BEGIN Records for this exercise

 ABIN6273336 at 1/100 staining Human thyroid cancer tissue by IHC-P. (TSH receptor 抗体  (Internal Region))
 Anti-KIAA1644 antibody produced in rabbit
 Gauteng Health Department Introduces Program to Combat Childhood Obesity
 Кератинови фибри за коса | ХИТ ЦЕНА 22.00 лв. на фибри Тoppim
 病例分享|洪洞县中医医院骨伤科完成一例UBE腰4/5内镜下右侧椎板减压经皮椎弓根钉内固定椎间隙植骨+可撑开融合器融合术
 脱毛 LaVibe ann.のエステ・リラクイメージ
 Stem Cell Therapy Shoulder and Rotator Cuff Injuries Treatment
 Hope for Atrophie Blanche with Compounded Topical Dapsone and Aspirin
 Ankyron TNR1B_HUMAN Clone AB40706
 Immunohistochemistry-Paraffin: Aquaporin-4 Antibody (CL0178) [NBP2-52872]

END Records for this exercise

> **Exercise goal**
Each entry, exactly as written, should be set down once more.

> **Your solution**
 ABIN6273336 at 1/100 staining Human thyroid cancer tissue by IHC-P. (TSH receptor 抗体  (Internal Region))
 Anti-KIAA1644 antibody produced in rabbit
 Gauteng Health Department Introduces Program to Combat Childhood Obesity
 Кератинови фибри за коса | ХИТ ЦЕНА 22.00 лв. на фибри Тoppim
 病例分享|洪洞县中医医院骨伤科完成一例UBE腰4/5内镜下右侧椎板减压经皮椎弓根钉内固定椎间隙植骨+可撑开融合器融合术
 脱毛 LaVibe ann.のエステ・リラクイメージ
 Stem Cell Therapy Shoulder and Rotator Cuff Injuries Treatment
 Hope for Atrophie Blanche with Compounded Topical Dapsone and Aspirin
 Ankyron TNR1B_HUMAN Clone AB40706
 Immunohistochemistry-Paraffin: Aquaporin-4 Antibody (CL0178) [NBP2-52872]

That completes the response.